Nitrogen stabilizes the wurtzite polymorph in ZnSe1−xTex thin films
Abstract
Materials based on tetrahedral structural motifs are the most used semiconductor systems in deployed technologies. This holds true for microelectronics based on doped Si (diamond structure), photovoltaics based on CdTe (zinc blende structure), and light emitting diodes based on GaN (wurtzite structure). In these compound examples, the extended crystal structure is determined by modifications to the arrangement of the underlying tetrahedral motifs; controlling this structure is a foundational way to design functionality in semiconductor materials. Here, N-doped ZnSe1−xTex thin films are grown by RF sputtering from compound targets with N2 gas as a N source. Crystalline films form across a large range of growth conditions, and in some N-doped films there is a transformation from the usual zinc blende structure to wurtzite. Depending on the temperature and N2 flow rate during growth, wurtzite can be synthesized across most of the composition range explored, ranging from Te-rich (x ≈ 0.7) to nearly pure ZnSe (x ≈ 0.1).

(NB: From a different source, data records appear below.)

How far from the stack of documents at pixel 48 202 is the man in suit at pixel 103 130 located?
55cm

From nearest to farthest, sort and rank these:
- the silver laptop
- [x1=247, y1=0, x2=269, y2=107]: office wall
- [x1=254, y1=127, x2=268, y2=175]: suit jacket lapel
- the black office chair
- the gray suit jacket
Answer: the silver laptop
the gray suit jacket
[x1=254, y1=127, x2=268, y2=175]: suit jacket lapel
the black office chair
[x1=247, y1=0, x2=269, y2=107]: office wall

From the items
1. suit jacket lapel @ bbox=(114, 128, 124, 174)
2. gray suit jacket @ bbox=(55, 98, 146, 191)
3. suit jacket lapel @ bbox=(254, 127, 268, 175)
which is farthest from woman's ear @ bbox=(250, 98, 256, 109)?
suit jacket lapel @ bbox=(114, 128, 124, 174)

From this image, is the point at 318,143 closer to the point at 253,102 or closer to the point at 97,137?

Synchrotron diffraction data show that the wurtzite is phase-pure at N-doped ZnSe0.5Te0.5 alloy compositions grown under some conditions. Temperature-dependent resistivity measurements collected from N-doped ZnSe0.5Te0.5 are well fit by a model dominated by variable range hopping, suggesting defect-mediated transport. Density functional theory calculations that show that dilute N concentrations help stabilize the wurtzite polymorph of ZnSe0.5Te0.5. Electron microscopy reveals voids in the N-doped films’ microstructures. We attribute this more open microstructure—which may also be partially responsible for stabilizing the wurtzite phase—to trapped N2. This work highlights unexpected polytypism in one of the most studied semiconductor systems, motivating a closer look at other semiconductor alloys for similar structural diversity.